Michiels J J
Goodheart Institute, Hematology, Hemostasis, Thrombosis Research and Development Center, Rotterdam, The Netherlands.
Semin Thromb Hemost. 1998;24(4):413-8. doi: 10.1055/s-2007-996031.
A prospective management decision analysis for the exclusion and diagnosis of pulmonary embolism (PE) based on pre-test clinical probability (PCP) estimation for PE, a rapid ELISA D-dimer test, perfusion lungscan (P-scan), CUS, spiral CT, and pulmonary angiography is proposed. The modified PCP model for PE of Wells et al. allows reasonably accurate classification of patients with no, low, moderate, and high probability for PE. The combined rational use of the evidence-based noninvasive imaging techniques P-scan, CUS, and spiral CT with the rapid ELISA D-dimer test and PCP will reduce the need for invasive pulmonary angiography to perhaps 10 to 15% of patients, who initially presented with suspected PE. A Rational Diagnosis of Pulmonary Embolism (RADIA PE) model is proposed for testing in a large multicenter study of patients with suspected PE.

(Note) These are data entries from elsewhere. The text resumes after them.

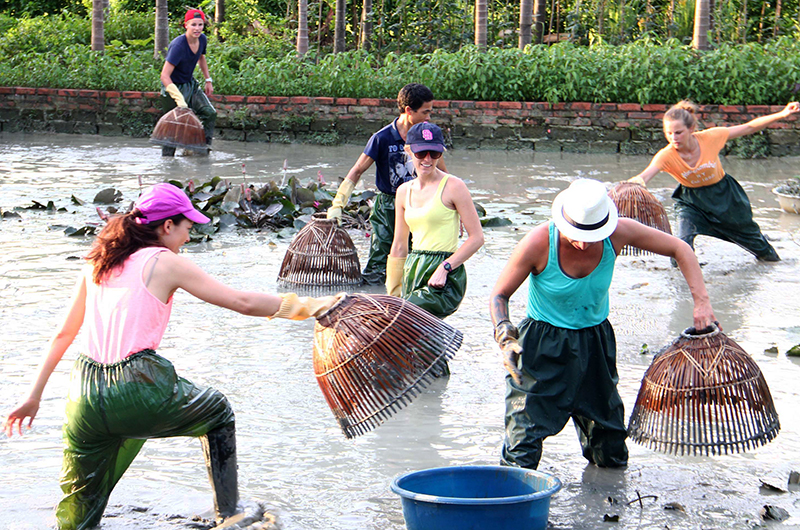Nghiên cứu phát triển sản phẩm du lịch trải nghiệm thiên nhiên gắn với văn hóa của cộng đồng dân tộc thiểu số ở Quảng Bình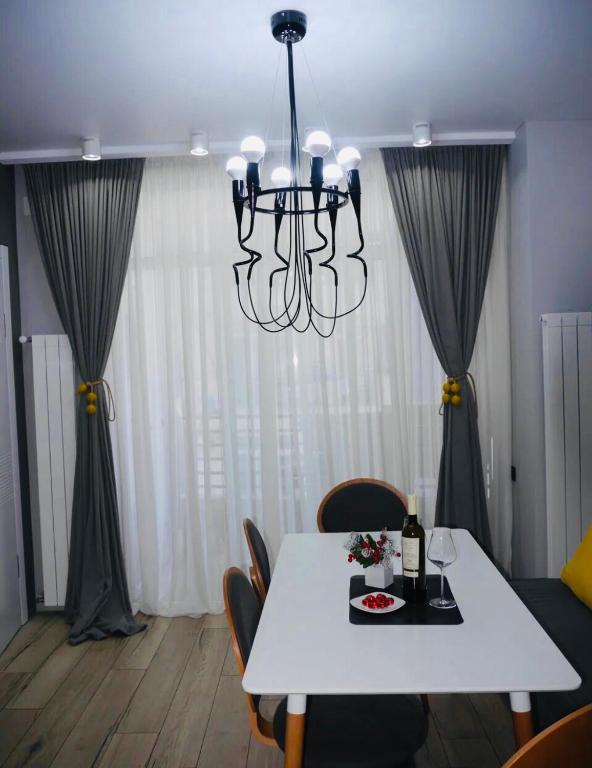 apartment pirosmani18 room 5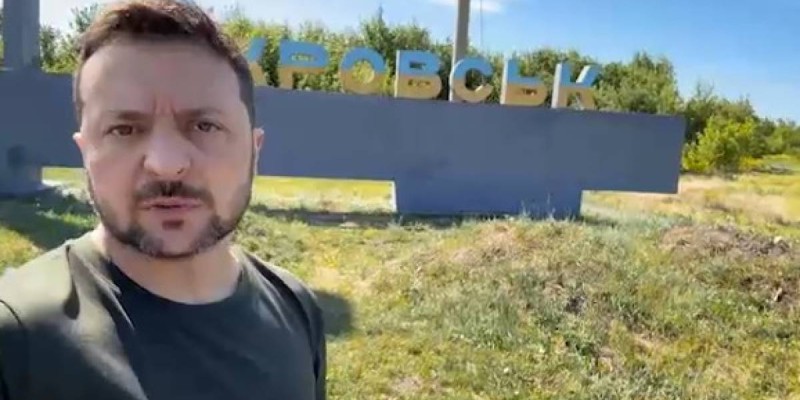 Зеленский соғыс жүріп жатқан Донецк облысына барды.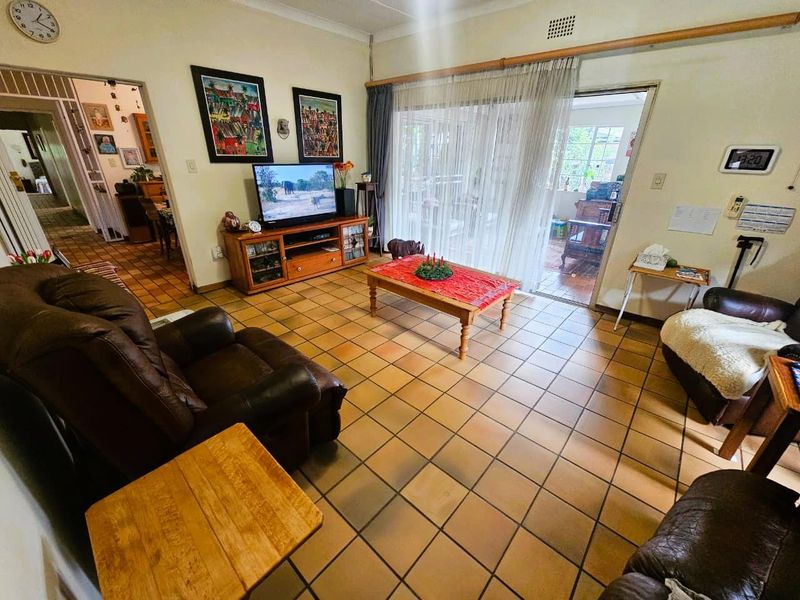 Spacious Family Home in Prime Rietondale - Photo 3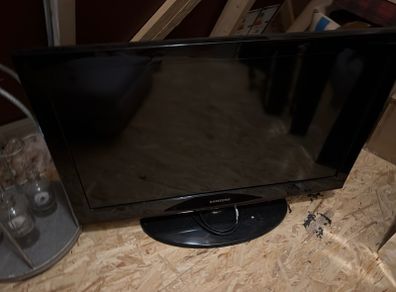 Samsung 32 inch HD LCD TV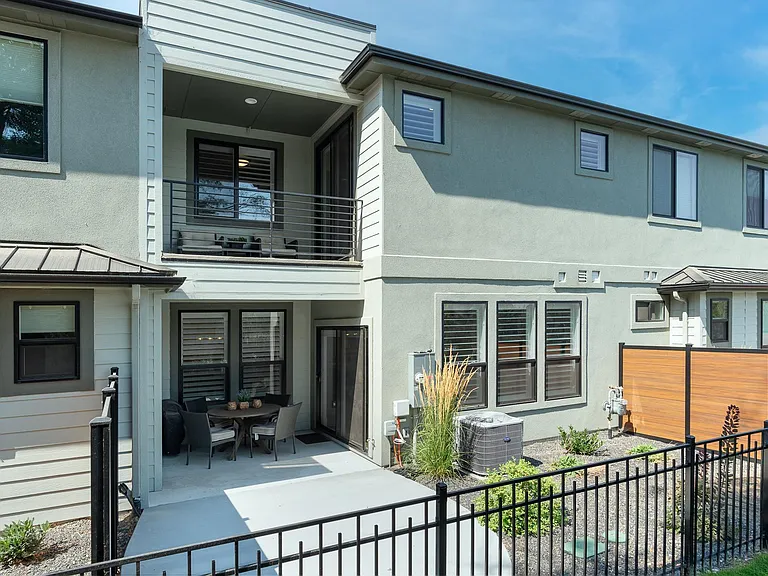 3280 S Sedgebrook Ln — Photo 23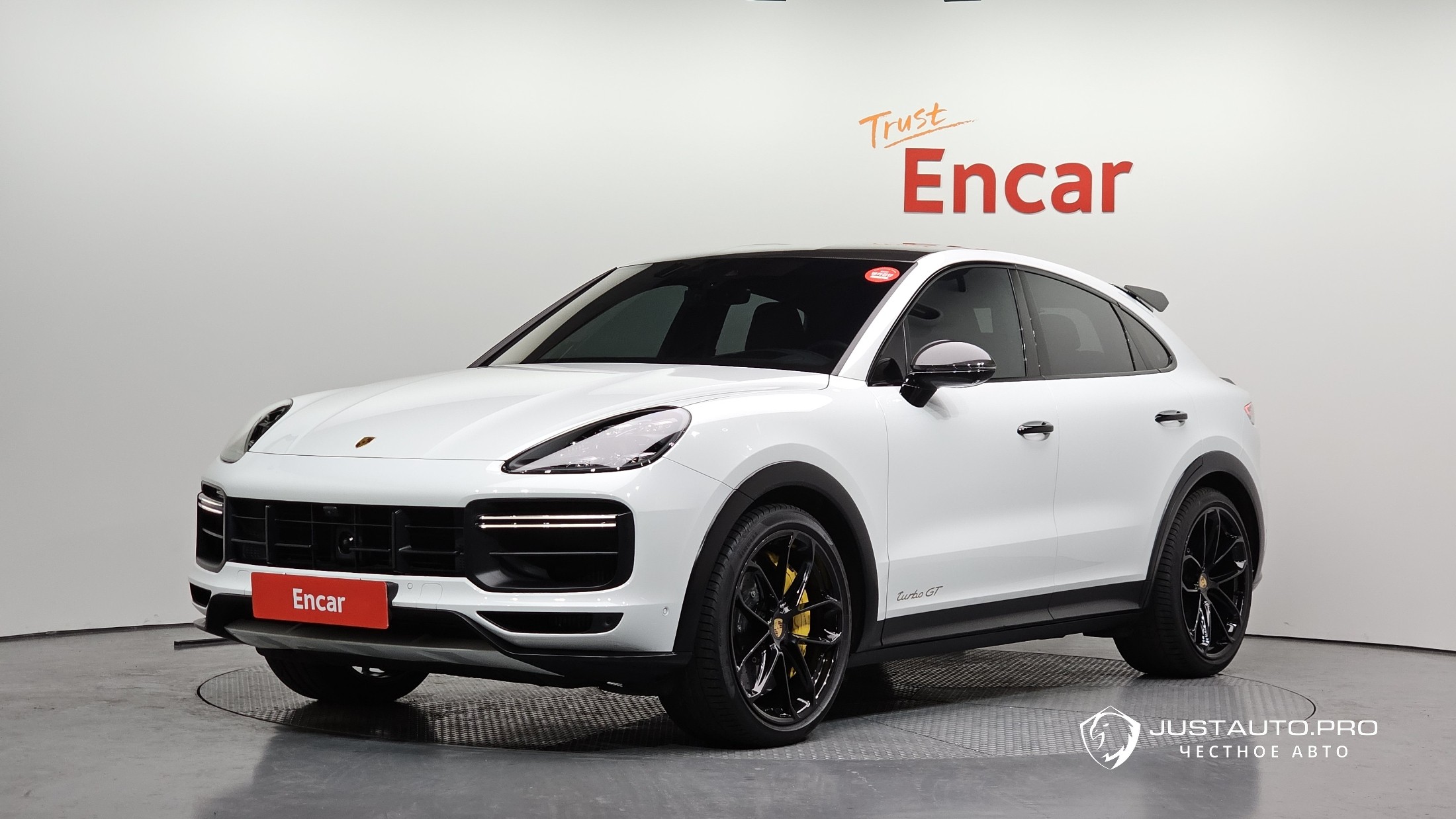 Автомобиль Porsche Cayenne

基于肺栓塞(PE)的检测前临床概率(PCP)估计、快速ELISA D - 二聚体检测、灌注肺扫描(P - scan)、超声心动图(CUS)、螺旋CT和肺血管造影,提出了一种用于排除和诊断肺栓塞的前瞻性管理决策分析方法。Wells等人改良的PE的PCP模型能够对PE发生概率为无、低、中、高的患者进行合理准确的分类。将基于证据的非侵入性成像技术P - scan、CUS和螺旋CT与快速ELISA D - 二聚体检测及PCP合理联合使用,可能会将最初疑似PE的患者中需要进行侵入性肺血管造影的比例降低至10%至15%。提出了一种肺栓塞合理诊断(RADIA PE)模型,用于在一项针对疑似PE患者的大型多中心研究中进行测试。